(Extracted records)
***
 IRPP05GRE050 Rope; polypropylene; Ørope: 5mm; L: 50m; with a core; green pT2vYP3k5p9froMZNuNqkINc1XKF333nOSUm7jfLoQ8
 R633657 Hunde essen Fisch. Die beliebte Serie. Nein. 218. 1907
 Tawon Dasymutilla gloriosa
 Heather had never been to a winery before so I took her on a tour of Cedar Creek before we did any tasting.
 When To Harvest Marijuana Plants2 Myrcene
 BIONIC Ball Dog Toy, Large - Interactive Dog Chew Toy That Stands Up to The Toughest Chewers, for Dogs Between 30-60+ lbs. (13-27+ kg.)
***
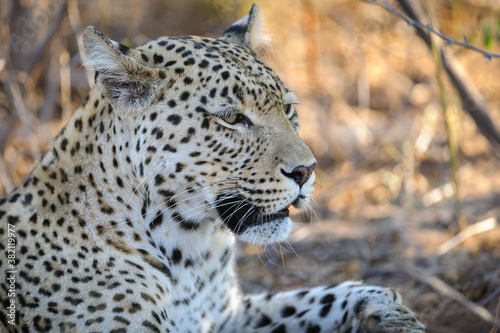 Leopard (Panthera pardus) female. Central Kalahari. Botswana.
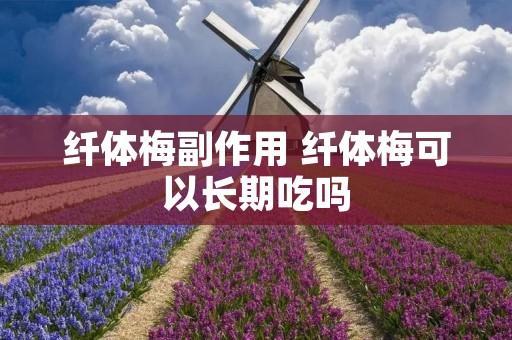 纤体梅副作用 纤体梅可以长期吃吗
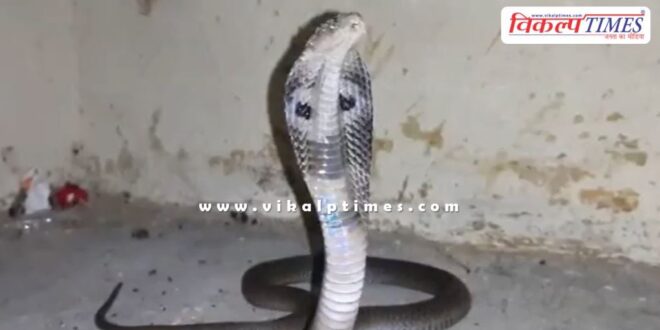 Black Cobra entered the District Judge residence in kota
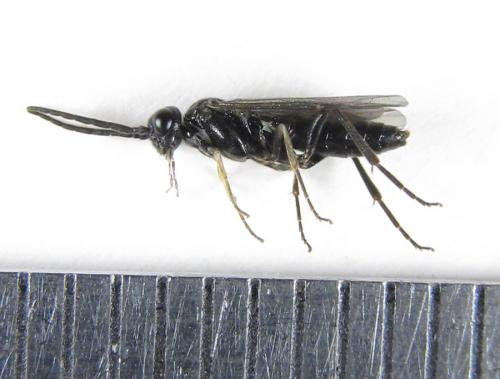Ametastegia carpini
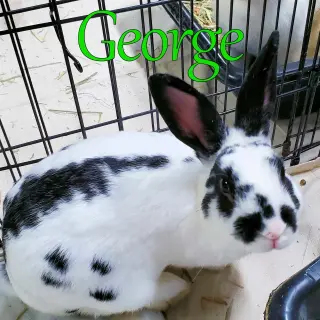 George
***
■ **EXERCISE BRIEF**
Once the line with "Heather had never" is found in the records above, print exactly that line and every line after it through the line with "BIONIC Ball Dog".

■ **SOLUTION TO THE EXERCISE**
 Heather had never been to a winery before so I took her on a tour of Cedar Creek before we did any tasting.
 When To Harvest Marijuana Plants2 Myrcene
 BIONIC Ball Dog Toy, Large - Interactive Dog Chew Toy That Stands Up to The Toughest Chewers, for Dogs Between 30-60+ lbs. (13-27+ kg.)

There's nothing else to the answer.